Rumo ao abismo inevitável?

EDGAR MORIN
ESPECIAL PARA O “LE MONDE”

O progresso científico permitiu a produção e a proliferação de armas de destruição em massa -nucleares, químicas e biológicas. O progresso técnico e industrial provocou um processo de deterioração da biosfera, e o círculo vicioso entre crescimento e degradação ambiental se amplia. A globalização do mercado econômico, sem regulamentação externa nem auto-regulamentação verdadeira, criou novas ilhas de riqueza, mas também zonas crescentes de miséria; ela provocou e vai continuar a provocar crises sucessivas, e sua expansão se dá sob a ameaça de um caos para o qual ela própria contribui em muito. Os avanços da ciência, da técnica, da indústria e da economia que vão levar a nave Terra adiante a partir de agora não são regulados nem pela política, nem pela ética. Assim, o que parecia dever assegurar o progresso certeiro traz consigo possibilidades de progresso futuro, é verdade, mas também gera e intensifica os perigos.

Os fenômenos acima citados são acompanhados por diversas regressões bárbaras. As guerras se multiplicam no planeta e, cada vez mais, são caracterizadas por seus componentes étnico-religiosos. A consciência cívica perde espaço em toda parte, e violências de diversos tipos corroem a sociedade. A criminalidade mafiosa tornou-se planetária. A lei da vingança toma o lugar da lei da Justiça, arrogando-se o papel da verdadeira justiça.

As concepções maniqueístas dominam os espíritos, fazendo-se passar por racionalidade. Os loucos de Deus e os loucos pelo ouro agem sem freios. Existe uma conexão entre as duas loucuras: a globalização econômica favorece o financiamento do terrorismo, que busca desferir um golpe mortal contra a mesma globalização. Nessa área, como em outras, a barbárie odiosa vinda dos confins dos tempos históricos se soma à barbárie anônima e gelada própria de nossa civilização.

As comunicações se multiplicam no planeta, mas a falta de entendimento aumenta. As sociedades são cada vez mais interdependentes, mas estão cada vez mais dispostas a se destruir mutuamente.

A ocidentalização toma conta do mundo, mas provoca reações de encerramento em torno de identidades étnicas, religiosas e nacionais. As certezas irracionais voltam a provocar desentendimentos, mas a racionalidade abstrata, calculadora, “”economística”, administradora e tecnocrata é incapaz, também ela, de compreender os problemas em suas dimensões humanas e planetárias. Os espíritos abstratos enxergam a cegueira dos fanáticos, mas não sua própria cegueira.

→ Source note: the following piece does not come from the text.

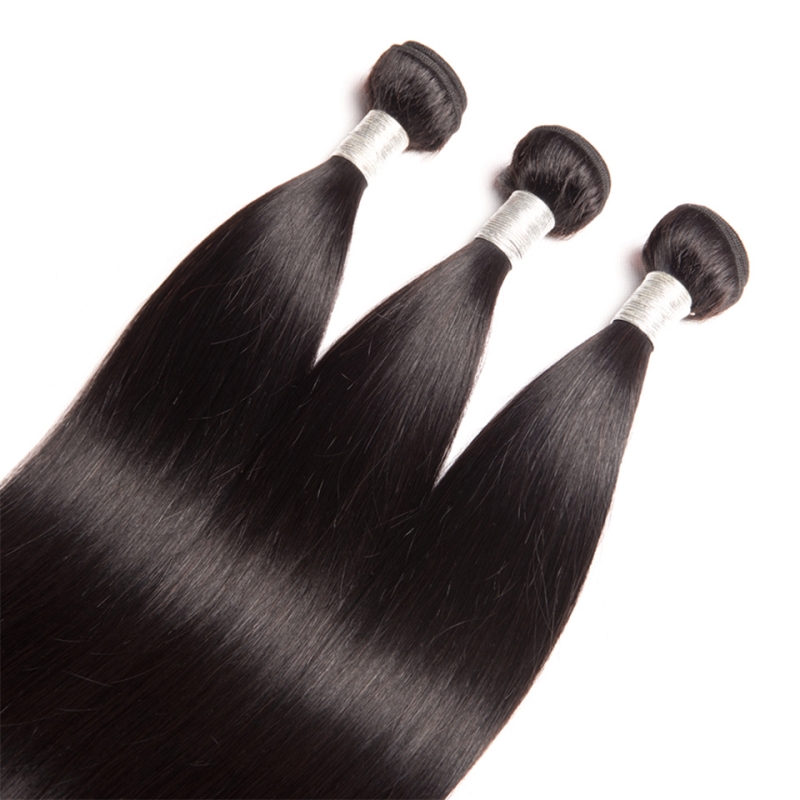 Brazilian Peruvian Human Hair Malaysian Indian Virgin Hair Extensions Straight Sample 1 Piece One Bundle 10-40inch Double Wefts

As duas cegueiras, a da irracionalidade concreta e da racionalidade abstrata, se unem para lançar uma sombra escura sobre o novo século nascente.

Já chamei a atenção, há muito tempo, para o fato de que o Oriente Médio se encontra no centro de uma zona sísmica planetária onde se confrontam as religiões entre elas, as religiões e o espírito profano, o Oriente e o Ocidente, o Norte e o Sul, países pobres e países ricos. O conflito israelo-palestino, no coração dessa zona sísmica, constitui, ele próprio, uma espécie de câncer cuja metástase corre o risco de se espalhar pelo planeta.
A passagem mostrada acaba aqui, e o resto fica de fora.